Dalam homilinya pada Yubileum Orang Sakit dan Tenaga Kesehatan yang berlangsung pada 5 dan 6 April, Paus Fransiskus menyampaikan pesan yang menyentuh hati dan penuh harapan: Allah tidak menunggu hidup kita menjadi sempurna sebelum campur tangan di dalamnya. Sebaliknya, kata Paus, “Ia masuk ke dalam luka-luka kita. Ia mengetuk pintu kita, bukan meskipun kita menderita, tetapi karena penderitaan itu.”
Pernyataan ini mencerminkan kedalaman kasih Allah yang tidak bersyarat. Dalam kehidupan yang sering diwarnai luka, kegagalan, kelemahan, dan penderitaan, banyak orang merasa tidak layak atau tidak cukup baik untuk mengalami kehadiran Tuhan. Namun, Paus Fransiskus justru menegaskan bahwa penderitaan bukanlah penghalang bagi kasih Tuhan, melainkan pintu masuk bagi belas kasih-Nya.
Paus mengajak umat beriman untuk merenungkan kisah-kisah dalam Kitab Suci, seperti pengalaman bangsa Israel yang berada dalam pembuangan dan perempuan berdosa yang dikutuk oleh masyarakatnya. Dalam momen-momen itulah, terang harapan justru menyala. Tuhan hadir di tengah kehancuran, menjangkau yang terpinggirkan, dan memulihkan yang terluka.
“Allah tidak mencari kesempurnaan kita,” ujar Paus. “Ia mencari hati kita bahkan yang remuk sekalipun. Justru di sanalah kasih-Nya bekerja paling kuat.”
Paus juga mengingatkan bahwa dalam luka-luka hidup, dalam sakit, kegagalan, atau bahkan dosa, ada ruang untuk perjumpaan yang intim dengan Allah. Ketika manusia merasa paling rapuh, justru saat itulah Tuhan paling dekat.
Pernyataan ini menjadi ajakan untuk tidak menyembunyikan luka, melainkan membawanya ke hadapan Tuhan. Dalam luka yang diakui, ada kekuatan untuk disembuhkan. Dalam penderitaan yang diserahkan, ada kasih yang menyelamatkan.
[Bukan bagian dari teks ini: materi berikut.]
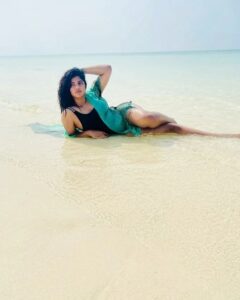 Naina Sarwar Instagram - Posting First picture of 2022 from last days of 2021 ❤ Happy New year all🤗 may God fulfill all dat u guys desire for May d newyear bring us all more prosperity in the work, health n happiness in home😇 Lakshadweep Islands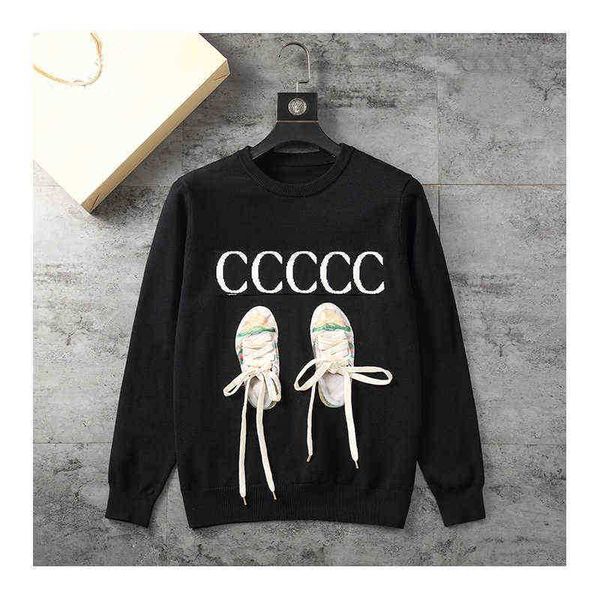 mens sweaters 2022 mens designer sweaters retro classic luxury sweatshirt men letter embroidery round neck comfortable highquality jumperwxt, White;black
mens sweaters 2022 mens designer sweaters retro classic luxury sweatshirt men letter embroidery round neck comfortable highquality jumperwxt, White;black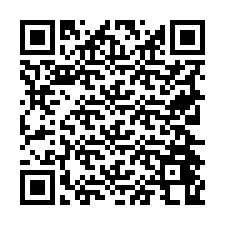 Código QR para número de telefone +19724468376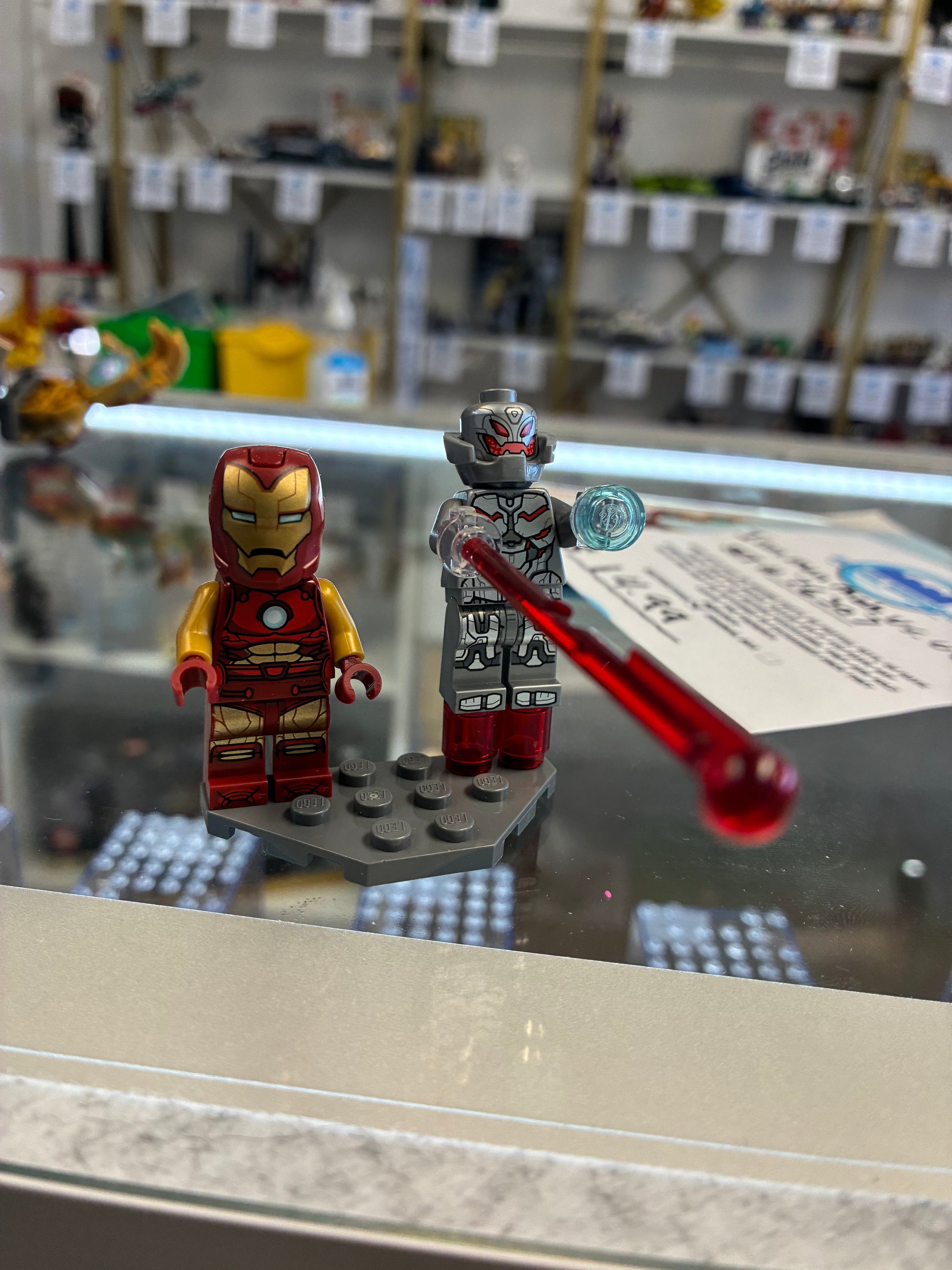 76307 Marvel Iron Man Vs Ultra - Used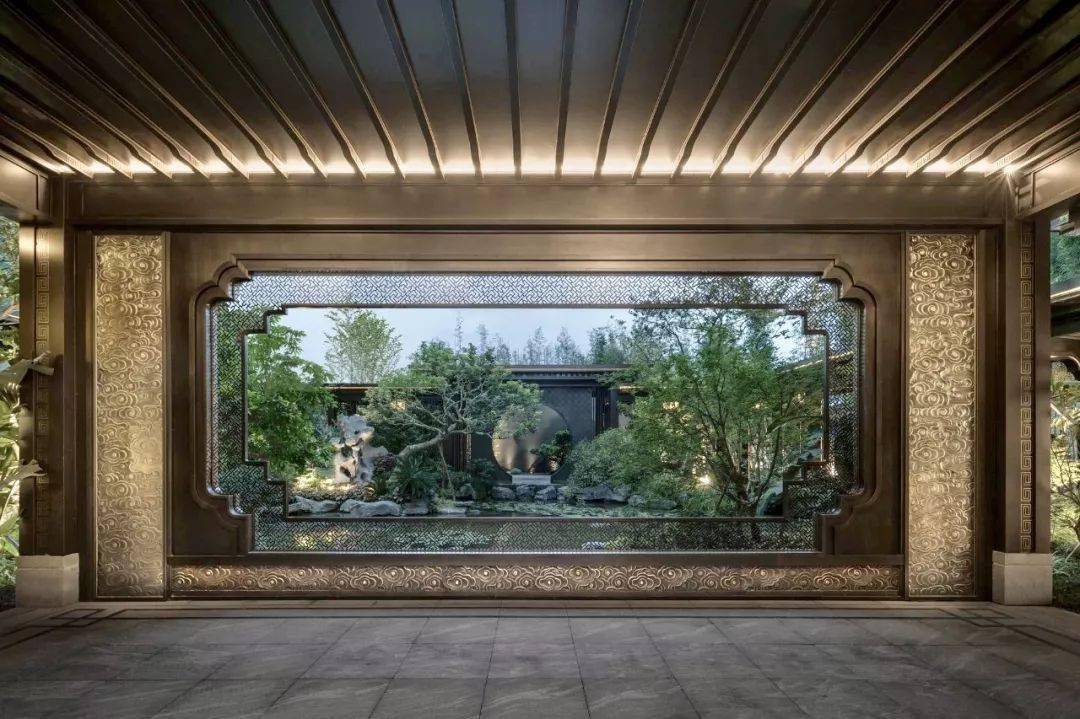 怎样的新中式庭院花园才能让你一见倾心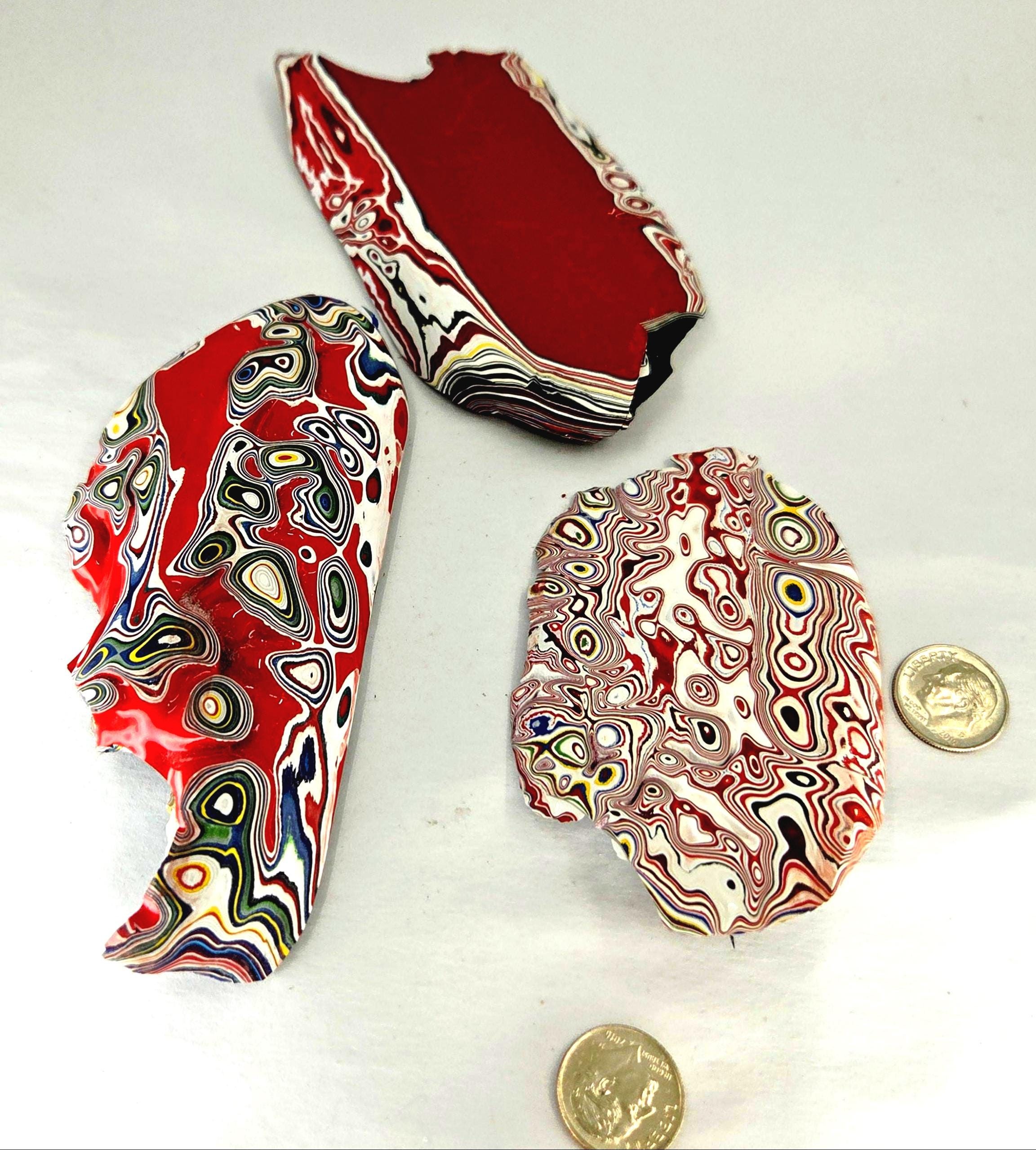 Kenworth Fordite / Brilliant Reds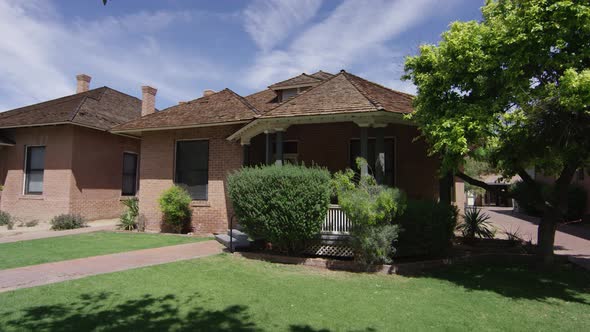 Brick house in Heritage Square alt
Melalui pesan ini, Paus Fransiskus memberi penghiburan dan kekuatan bagi mereka yang merasa tertinggal, terluka, atau tak layak. Ia membuka harapan bahwa Allah bukan hanya menunggu kita di puncak keberhasilan, tetapi hadir, menyentuh, dan tinggal di tengah kelemahan kita.